- _Task brief_:
Each line from the one that holds "Femme examine un" to the end of the entries is to be given again exactly. Do not include pictures.

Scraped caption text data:

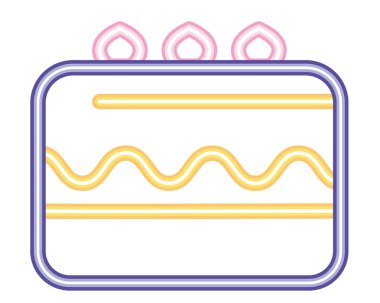 Neon partisi doğum günü pastası ikonu izole edildi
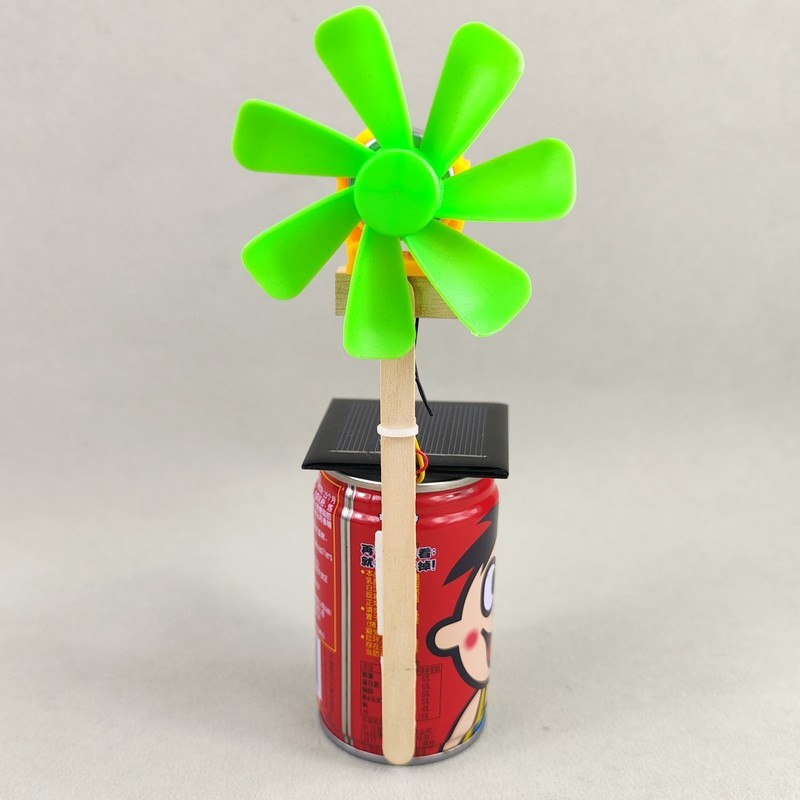 太阳能易拉罐小风扇废物利用新能源低碳小制作创意小发明学生diy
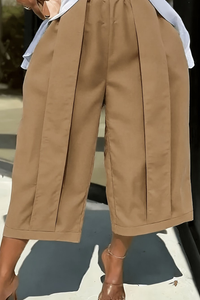 Elegant Cropped Summer Pants Pleated
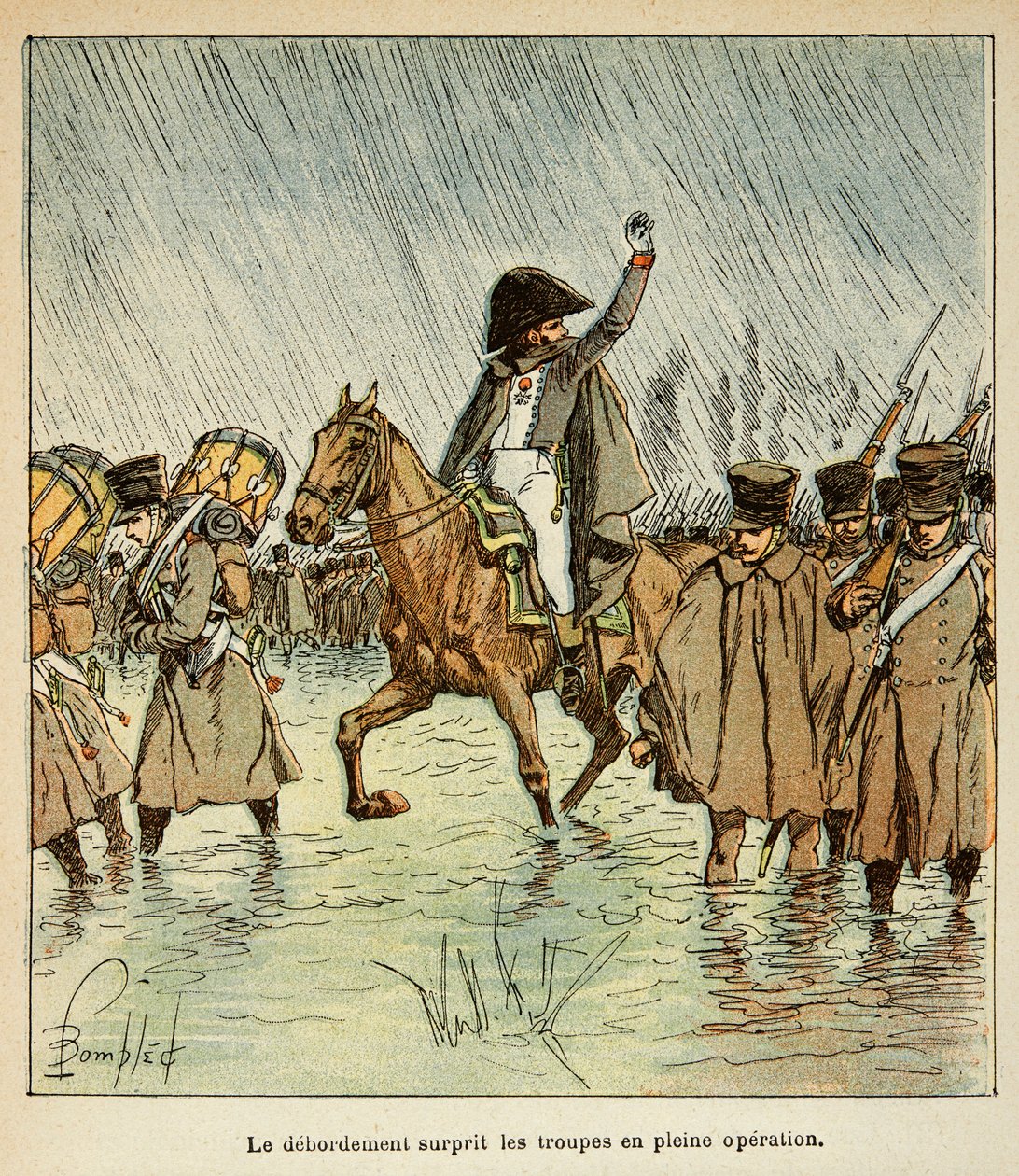 Illustrasjon av Bombled Louis (1862-1927) fra boken "The Memorial of Saint Helene" av grev Emmanuel de Las Cases (1766-1842): The Imperiale Armee i 1813, privat samling av Louis Charles Bombled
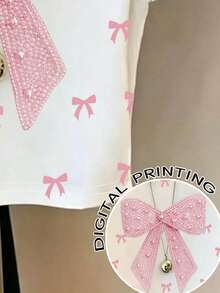 Teen Girl Casual Sweet Oversized Bow & Butterfly Print Short Sleeve Round Neck Fitted T-Shirt, Cute & Sweet, Suitable For Summer - Multicolor - View 5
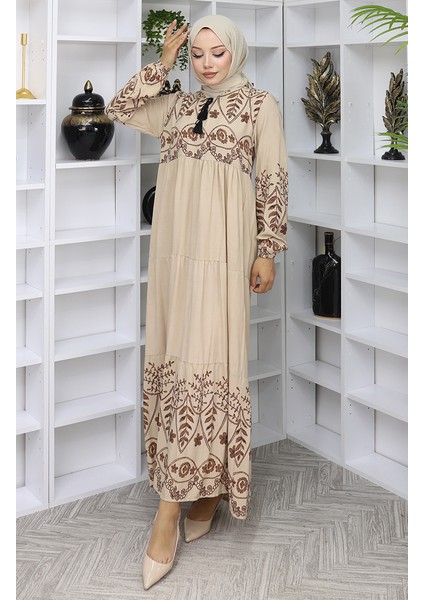 Desenli Viskon Elbise 4076-06 Vizon modelleri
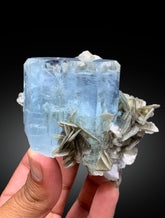 Sky Blue Color Aquamarine Crystal with Muscovite Mica from Nagar valley Hunza, Gilgit Pakistan - 325 gram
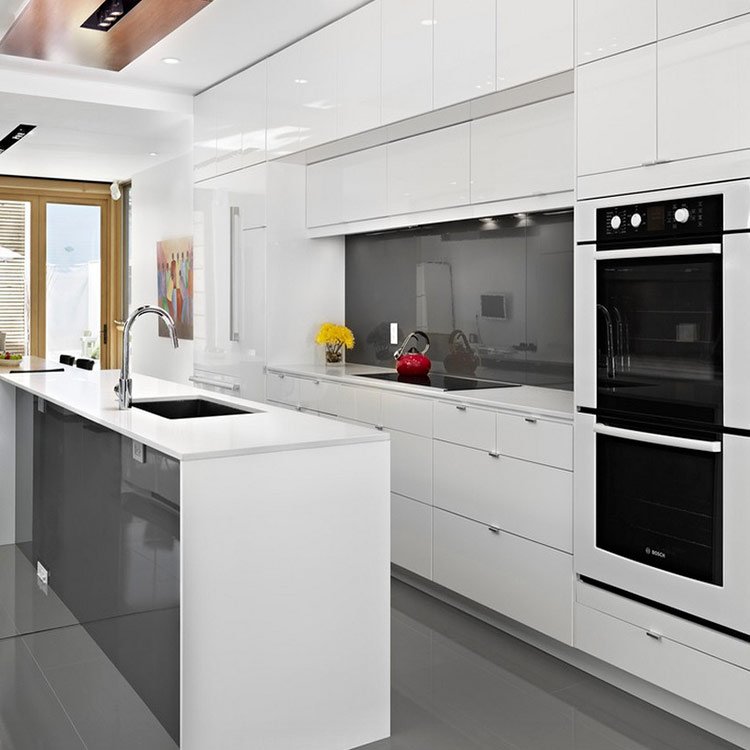Red oak custom made modern kitchen designs unique luxury high gloss kitchen cabinets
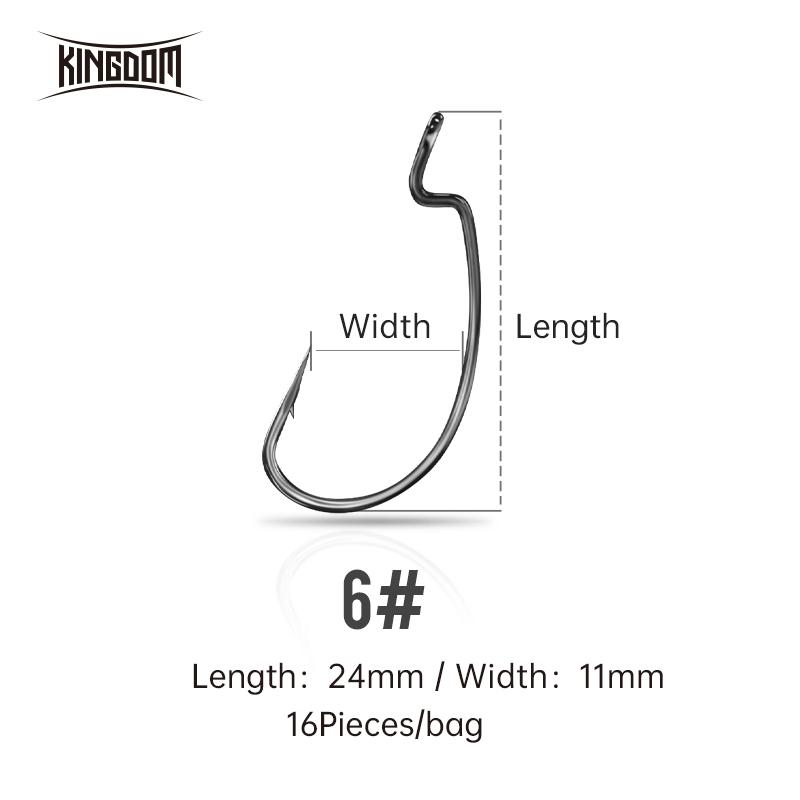 Kingdom Crank Fishhooks High Carbon Steel Wide Super Lock Fishing Hook 2/0# 1/0# 1# 2# 4# 6# Barbed Hooks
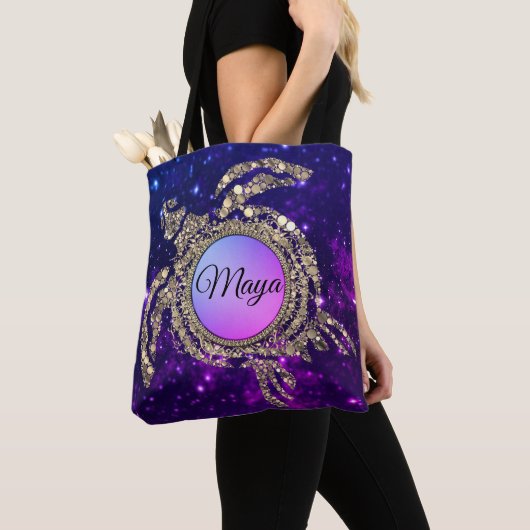 Dreamweaver Gold Shimmery Zee Turtle Tote Bag (Dichtbij)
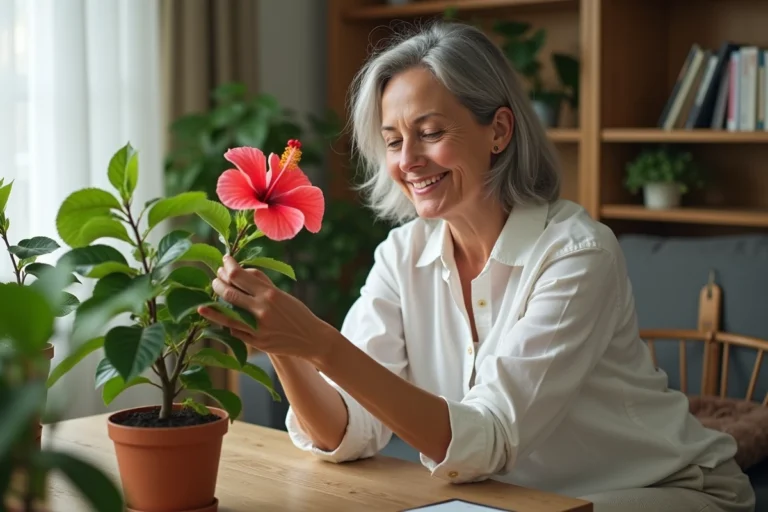 Femme examine un hibiscus dans un salon lumineux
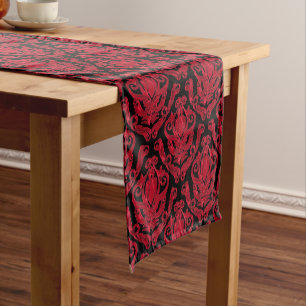 Caminho De Mesa Pequeno Impressão vermelho e preto elegante do damasco
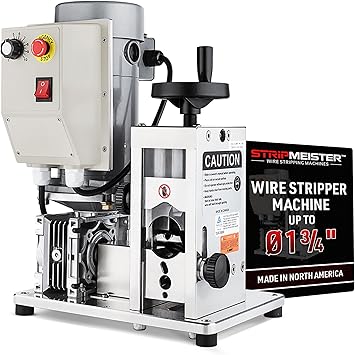 Automatic Wire Stripping Machine StripMeister E1000 Electric HeavyDuty Wire Stripper for Copper & Aluminum Cables up to 13/4, IndustrialGrade, JamFree Design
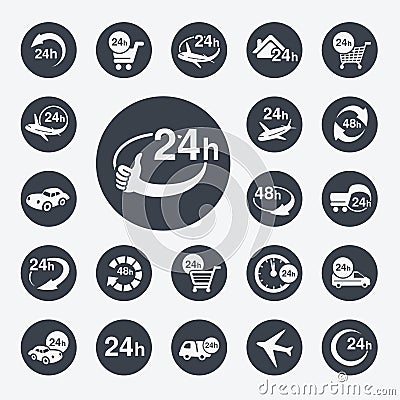 Symbols - delivery of purchase a home within 24 or 48 hours Vector Illustration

- _Exercise output_:
 Femme examine un hibiscus dans un salon lumineux
 Caminho De Mesa Pequeno Impressão vermelho e preto elegante do damasco
 Automatic Wire Stripping Machine StripMeister E1000 Electric HeavyDuty Wire Stripper for Copper & Aluminum Cables up to 13/4, IndustrialGrade, JamFree Design
 Symbols - delivery of purchase a home within 24 or 48 hours Vector Illustration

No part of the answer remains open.